By Elizabeth Sargeant
Toronto, Ontario -- July 5, 2019 - North America has been facing some extreme weather this year. From massive hail storms to the unforgiving and icy polar vortex, forest fires and flood, the climate has not been kind, and collision repairers across the continent have been reaping the benefits. While Canadians and Americans alike have to shovel unimaginably large piles of snow and sleet out from underneath their vehicles, collision repairers are now adapting to PDR systems, learning how to remove constellations of hailstone dents from a line-up of bumped and dinged vehicles.
Mitchell Industry Data has just released a new report focusing on the correlation between weather patterns and collision claims and what they've discovered from observing mostly Americans driving habits is that this year has not been so kind to cars.
According to the study, there is a significant spike in accident claims in months with high levels of precipitation or cold temperatures. There is also a spike in non-repairable vehicles, as the most intense accidents also occur during these months.

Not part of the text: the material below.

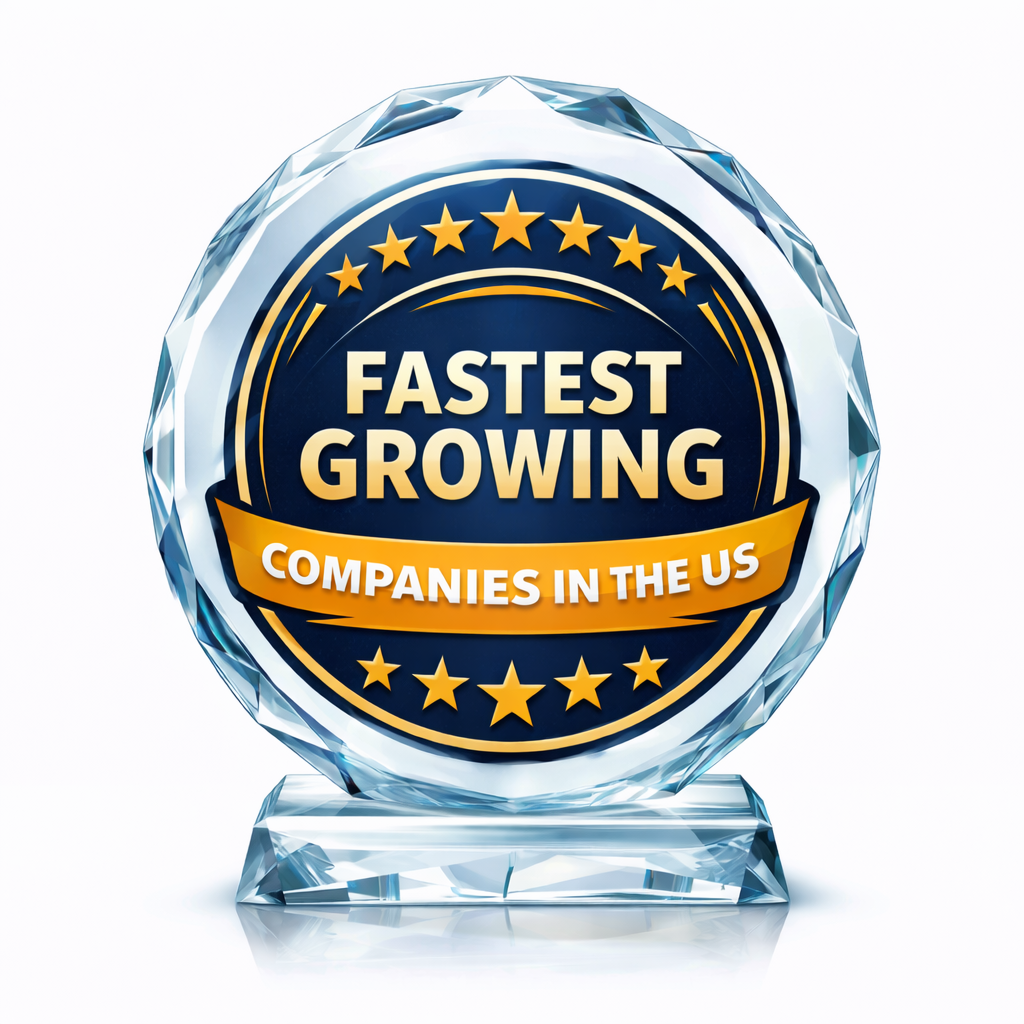 An award plaque with a crystal-like design, featuring a dark blue center with gold stars and text that reads "Fastest Growing Companies in the US".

States such as Georgia experienced the highest amounts of rainfall since 2004 and also faced an incredibly high amount of claims. According to Mitchell Data, "[Georgia experienced a] 7% increase in average repairable severity while states with above average and average levels saw 6.22% and 5.19% increases respectively."
Despite the rare high-levels of precipitation, it has been predicted that the heavy precipitation will continue in the next three months, and certainly won't be the last year repairers will have to deal with rainfall-related crashes.

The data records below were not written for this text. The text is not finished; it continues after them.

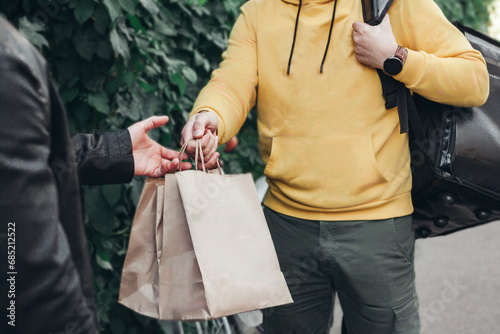 Man food delivery in yellow uniform and thermal bag ,handing food bags groceries to customer .concept food delivery groceries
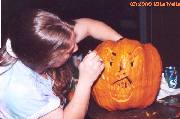 Karen scooping pumpkin guts from her creation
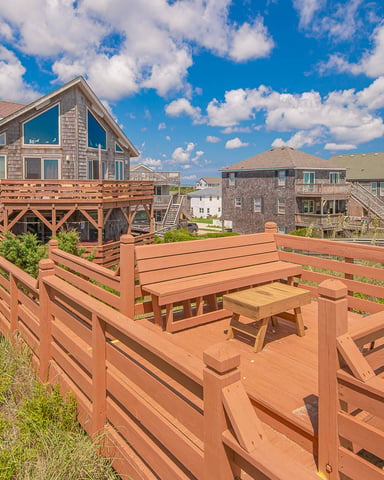 Elevated wooden deck with bench seating overlooking shingle-sided beach houses in a coastal neighborhood under blue sky with white clouds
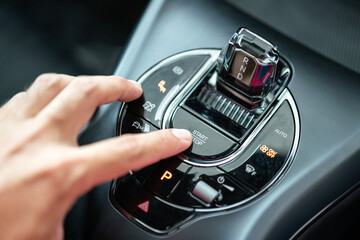Action of driver finger is pressing on the start button to starting the car engine. Close-up and...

Ryan Mandell the Director of Claims Performance for Mitchell’s Auto Physical Damage business unit believes auto insurers should take it upon themselves to warn drivers of the dangers.

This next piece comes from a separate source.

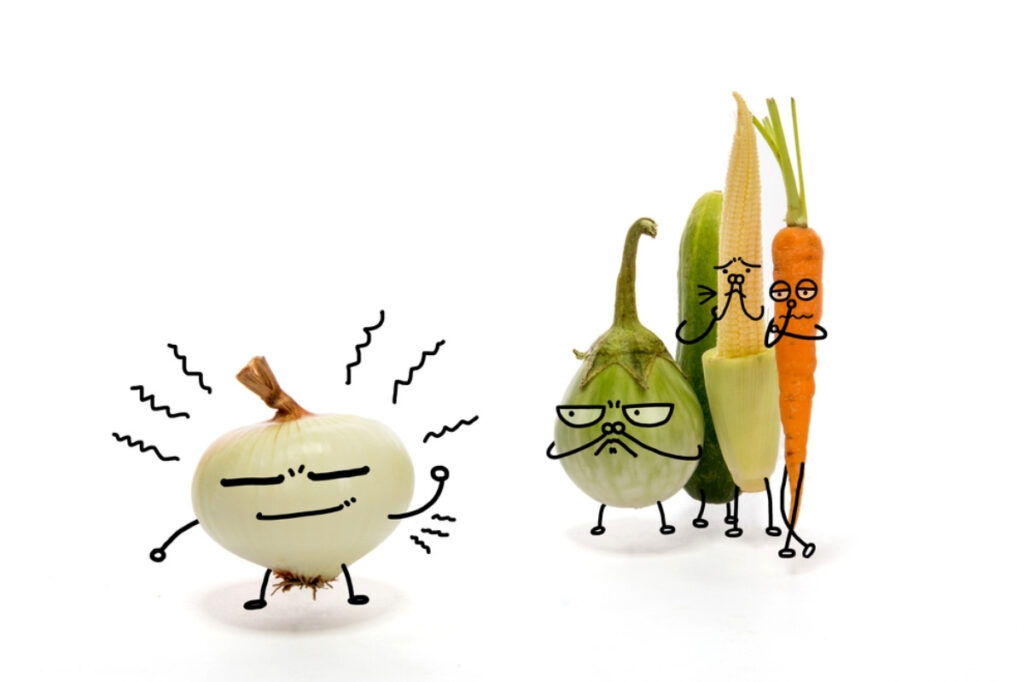 Foods That Make Your Body Odor Good 18 A creative illustration of different vegetables in which other vegetables are avoiding onion as a comic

"Forward-thinking insurance carriers may choose to provide updates - either through regular communications or targeted alerts - to their customers that inform them of the potential risks of driving during periods of inclement weather to help bring awareness to driver safety and thus potentially reduce overall claims exposure," Mandell reported.
"Stopping short of employing full-time meteorologists, auto insurance carriers must still be cognizant of weather patterns and forecasts outside of potential CAT events in order to appropriately set reserves and staffing levels."